Everyone knows that the SAT is a standardized test that many colleges use as part of the admissions process. Students want to achieve the highest score possible, and it’s often recommended that they take the SAT multiple times before graduating high school.

What students may not know, however, is that many colleges will superscore your SAT scores. This means that they will take the highest section scores from all of your test results and use only these scores for admissions decisions. Read on to learn can you combine SAT scores?

Can You Combine SAT Scores: Superscoring the SAT

Every college and university has its own set of SAT score-use policies. Currently, many are temporarily not requiring that students submit SAT scores as part of their admission applications. However, regardless of whether they follow a “test-optional” or a “test-required” policy, schools may or may not superscore SAT scores.

Superscoring the SAT combines your top scores, but there’s a certain routine to it. Suppose that you take the SAT twice, and during your first time, you achieve an Evidence-Based Reading and Writing (EBRW) score of 690 and a Math score of 710.

When you take the SAT the second time, you improve your Evidence-Based Reading and Writing score by 60 points but your math score slips by 10 points. Universities that superscore SAT scores will use your second EBRW and first Math scores since those were the highest ones.

Score-Use Policies: What’s the Difference?

Colleges can follow several types of SAT score-use policies, including:

  • Score choice
  • Single highest test date
  • All scores required

While “single highest test date” and “all scores required” might be self-explanatory, score choice warrants more explanation.

Score Choice

Score choice is offered by The College Board, which is the organization that provides the SAT. It’s an optional program that allows students to select which of their scores or set of scores are sent to colleges. 

In other words, when colleges honor score choices, they allow students to control which score reports and which test dates are sent to specific colleges. 

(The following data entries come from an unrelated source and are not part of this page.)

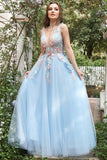 A-Linie Blau Prinzessin Ballkleid Mit Applikationen Formelle Abendkleider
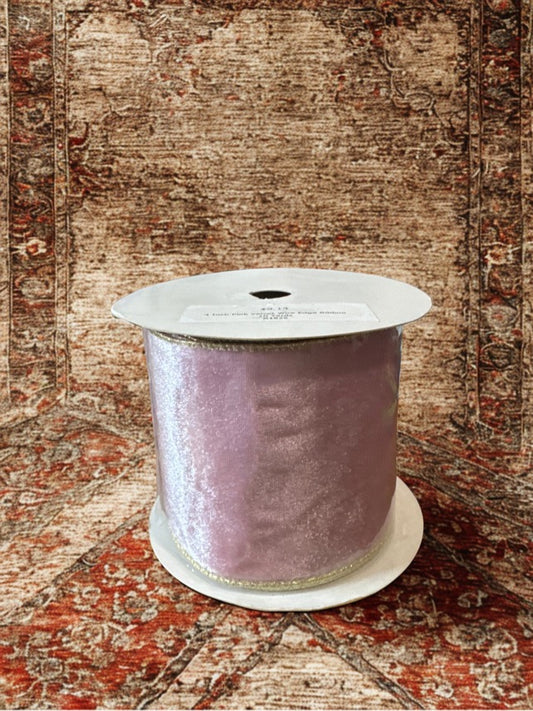 4-inch Luxury Pink Velvet Ribbon with Gold Edge – 4" x 10 Yards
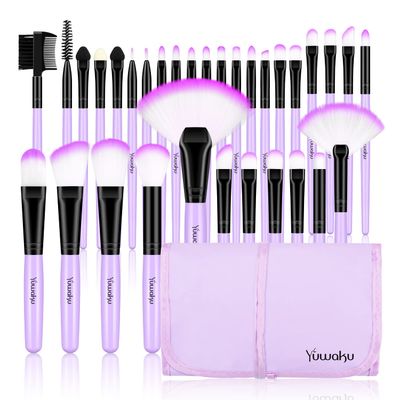 Professional Set of 32 Makeup Brushes;from an Array of Eyeshadow Foundation Brushes to a Concealer Brush to Eyelash and Blusher Brushes-the Makeup World is Truly Your Oyster. (Purple)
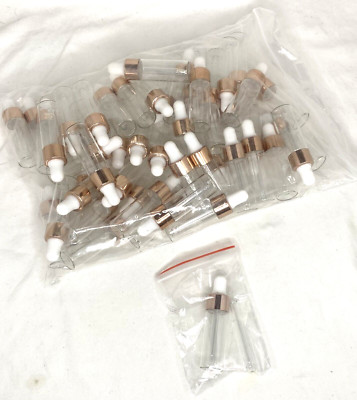 51 - 5Ml Empty Essential Oil Glass Vials Rose Gold/White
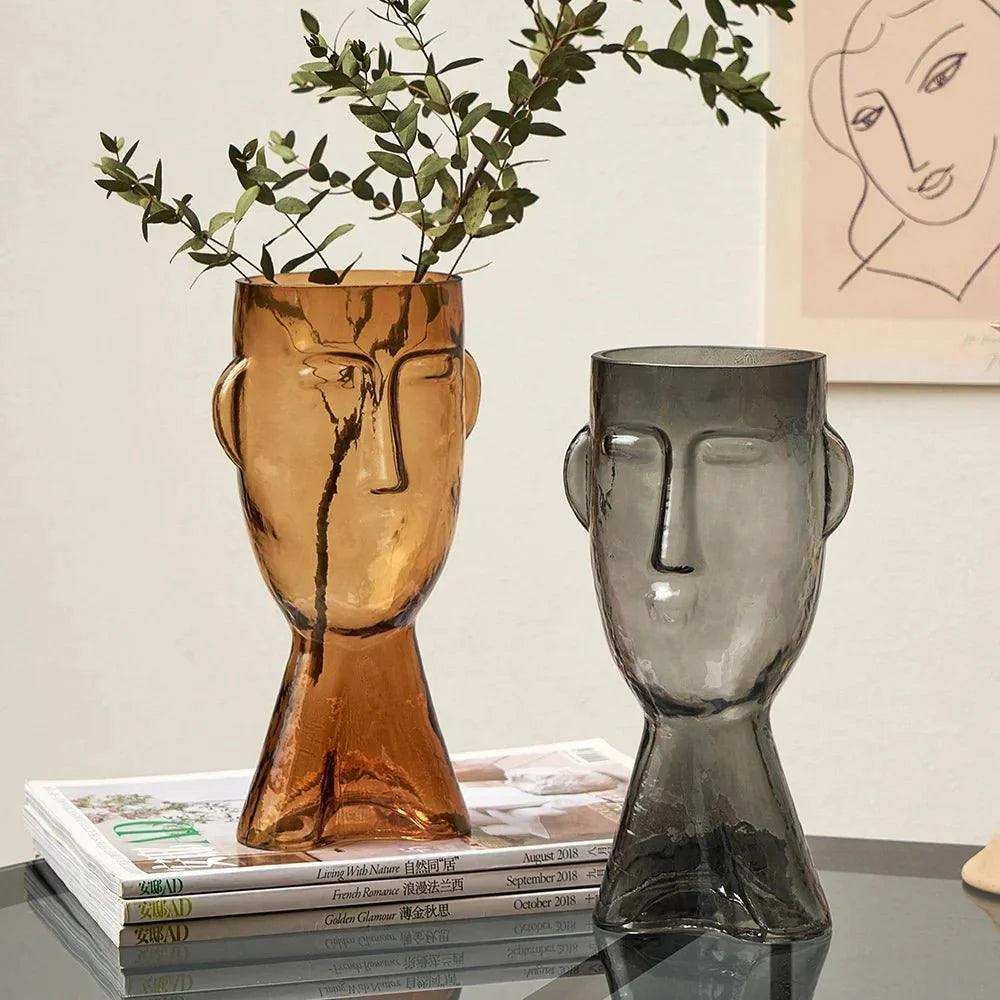 Creative Glass Head Shape Decorative Vase for Modern Decor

It’s important to note that many colleges require that students submit all their scores so the admissions committees can review the highest scores for themselves. Make sure you review the specific policies of the colleges to which you want to apply.

Single Highest Test Date

With this SAT score-use policy, a college will take the highest total SAT score (Math and EBRW combined) into consideration, regardless of when you took the test or whether it’s your most recent score. Some schools request that students still send in their scores from all test dates for scores to be updated in their applicant files.

All Scores Required

This policy requires you to submit every SAT score from every sitting on every test date in which you participated. Some schools use this policy to see improvements you have made over time with the sections and on the entire exam itself.